I'm so jealous of your passion fruit. Passion fruit definitely does not grow in Minnesota. I love the stuff though. That slightly funky flavor is delicious. I was horribly ill during both my pregnancies and one of the things that made me feel slighty better was the pomegranate passionfruit sorbet my husband made for me. Sounds good even now when I'm not pregnant and the temperature is hovering near freezing.

The Shopping Sherpa said...

I have a friend who has a broad bean and potato dip she swears by - can't remember the complete recipe but it had beans, potatoes (obviously!), garlic and olive oil in it. Let me know if you need me to track it down.

Great choice of book, by the way!

nichola said...

Your garden is fabulous! I so want to grow fruit and vegetables, just need to get started somehow.

kt said...

What a bursting-with-life post!

Glad your garden is going strong, and gladder that you're finding ways to make your body feel better.

Happy weekend!

Janet said...

Wow Sooz, your garden is looking amazing. I'm gobsmacked that you have tomatoes and cucumbers already! I haven't even planted mine yet. And I love those passionfruit flowers too!

I've been down the iron supplement path too & it wasn't pretty. I won't go into gory detail here but when I was pregnant with Grace my best friends were metamucil, durolax and dried figs. Hope that wasn't too much information.

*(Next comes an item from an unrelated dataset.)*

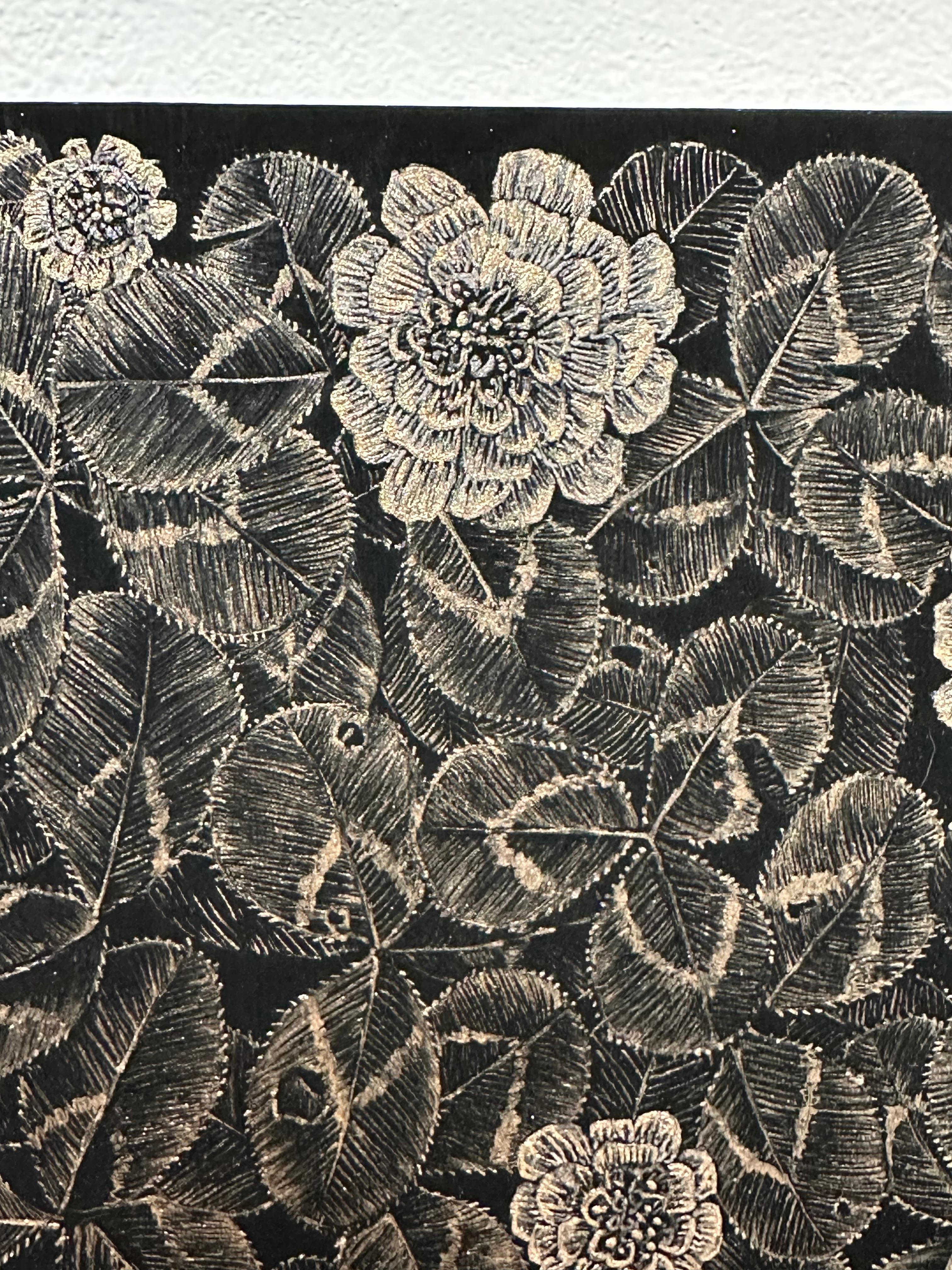 Kleeblatt, Metallic Rot Kleeblatt Pflanze, Stängel, Botanisch Auf Schwarz im Angebot 5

And congrats on the whipup feature. You are a star :)

Anonymous said...

Those pictures of your garden have really inspired me to go and sort out the vegetable patch so we can have some goodness like that next year.

And the iron thing? I seem to recall that dried apricots are good for iron and constipation - multitasking or what!

Suse said...

Oh isn't that just the BEST book? I loved it.

Broad beans - you can mash em up into a dip I seem to remember.

Also I have to ask, how on earth did you get flannel flowers to grow? I bought some horrendously expensive seeds from the Bot Gardens and the info on the back said, soak em, plant em, keep em moist until they germinate, which by the way, TAKES TWELVE MONTHS. No freaking way.

And how can you have tomatoes already? Jealous.